[What you need to do]: Only the lines from the one containing "一个正在打扑克的中国女人" through the end of the entries should be returned, exactly as they are, with the pictures omitted.

[Data shown]:

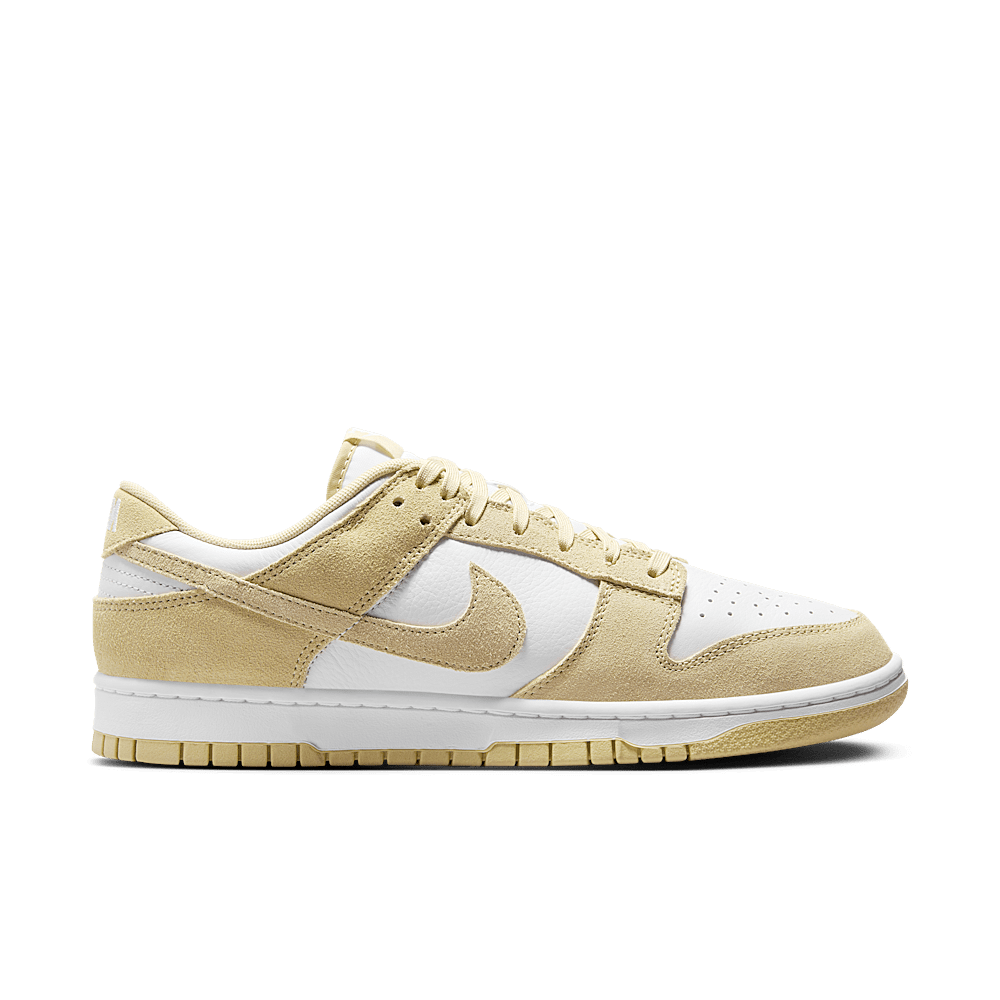 Nike Dunk Low SE Team Gold Suede Nike Dunk Low SE Team Gold Suede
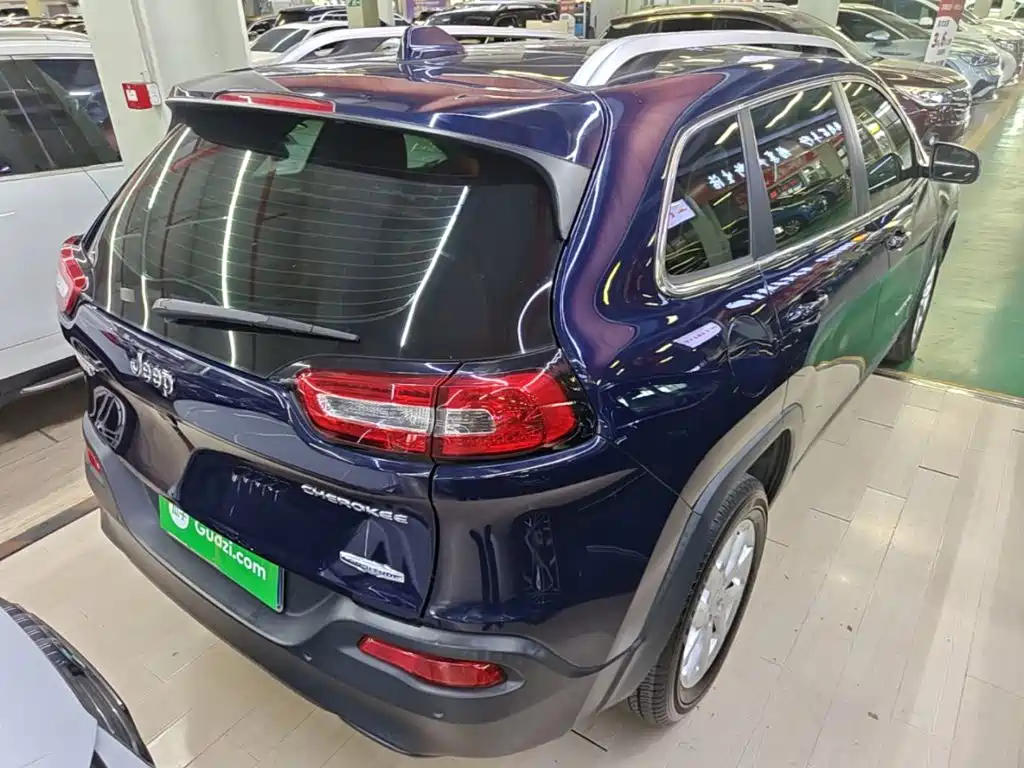 Cherokee 2.4 L Leading Intelligent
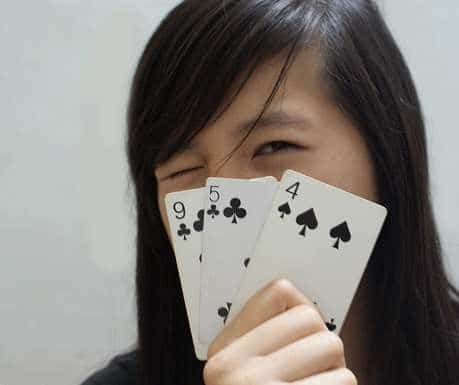 一个正在打扑克的中国女人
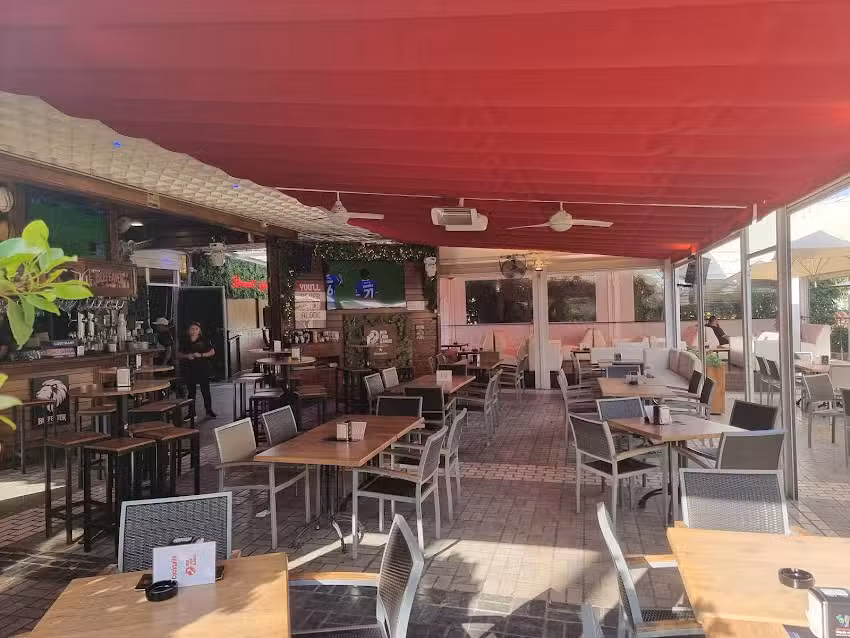 Red Lion Ban&uacute;s Sport Bar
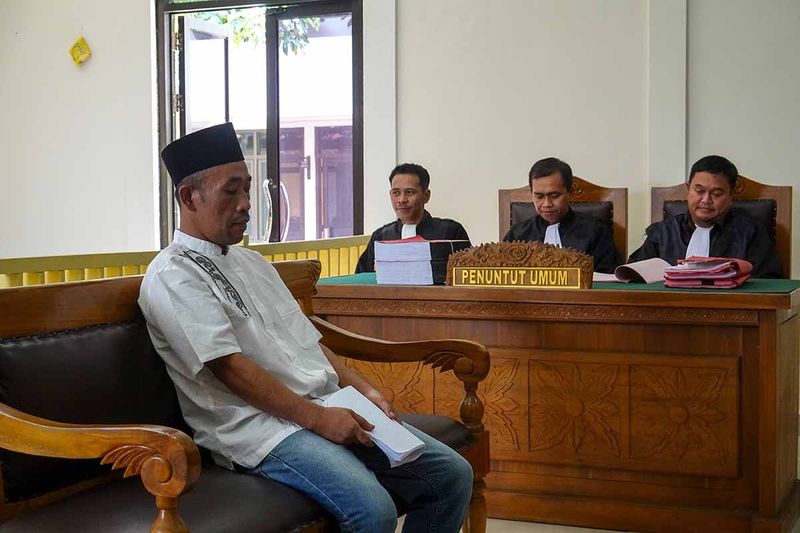 sidang-pertama-kasus-pembunuhan-dukun-pengganda-uang-2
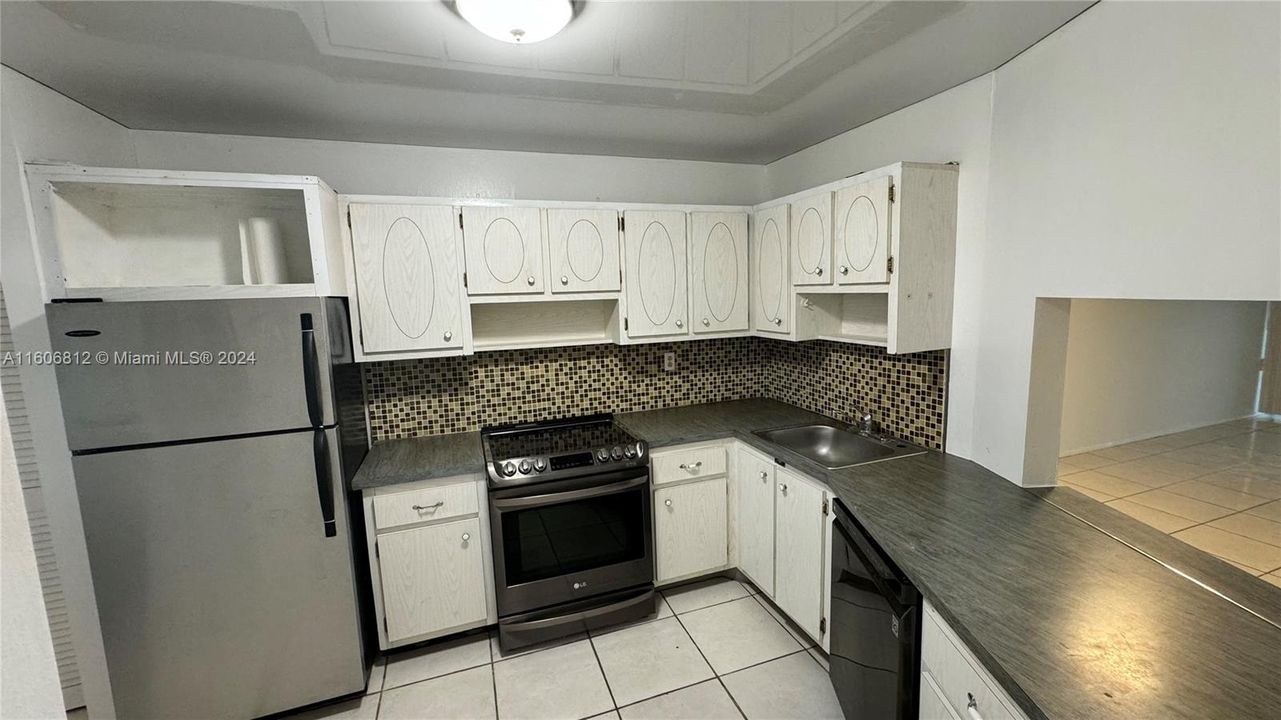 For Sale: $154,555 (1 beds, 1 baths, 1036 Square Feet)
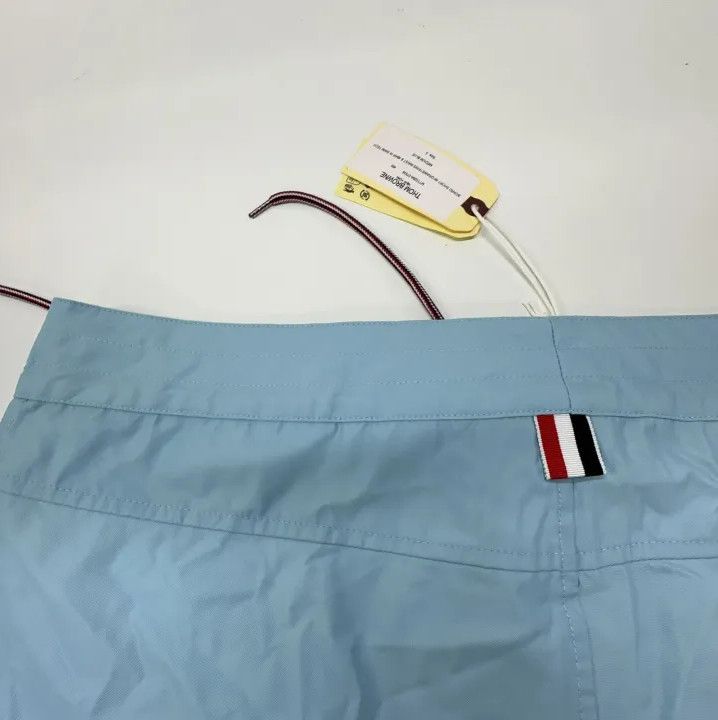 Thom Browne Thom Browne Classic Quad Stripe Casual Shorts Size US 34 / EU 50 - 9 Thumbnail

[Task result]:
 一个正在打扑克的中国女人
 Red Lion Ban&uacute;s Sport Bar
 sidang-pertama-kasus-pembunuhan-dukun-pengganda-uang-2
 For Sale: $154,555 (1 beds, 1 baths, 1036 Square Feet)
 Thom Browne Thom Browne Classic Quad Stripe Casual Shorts Size US 34 / EU 50 - 9 Thumbnail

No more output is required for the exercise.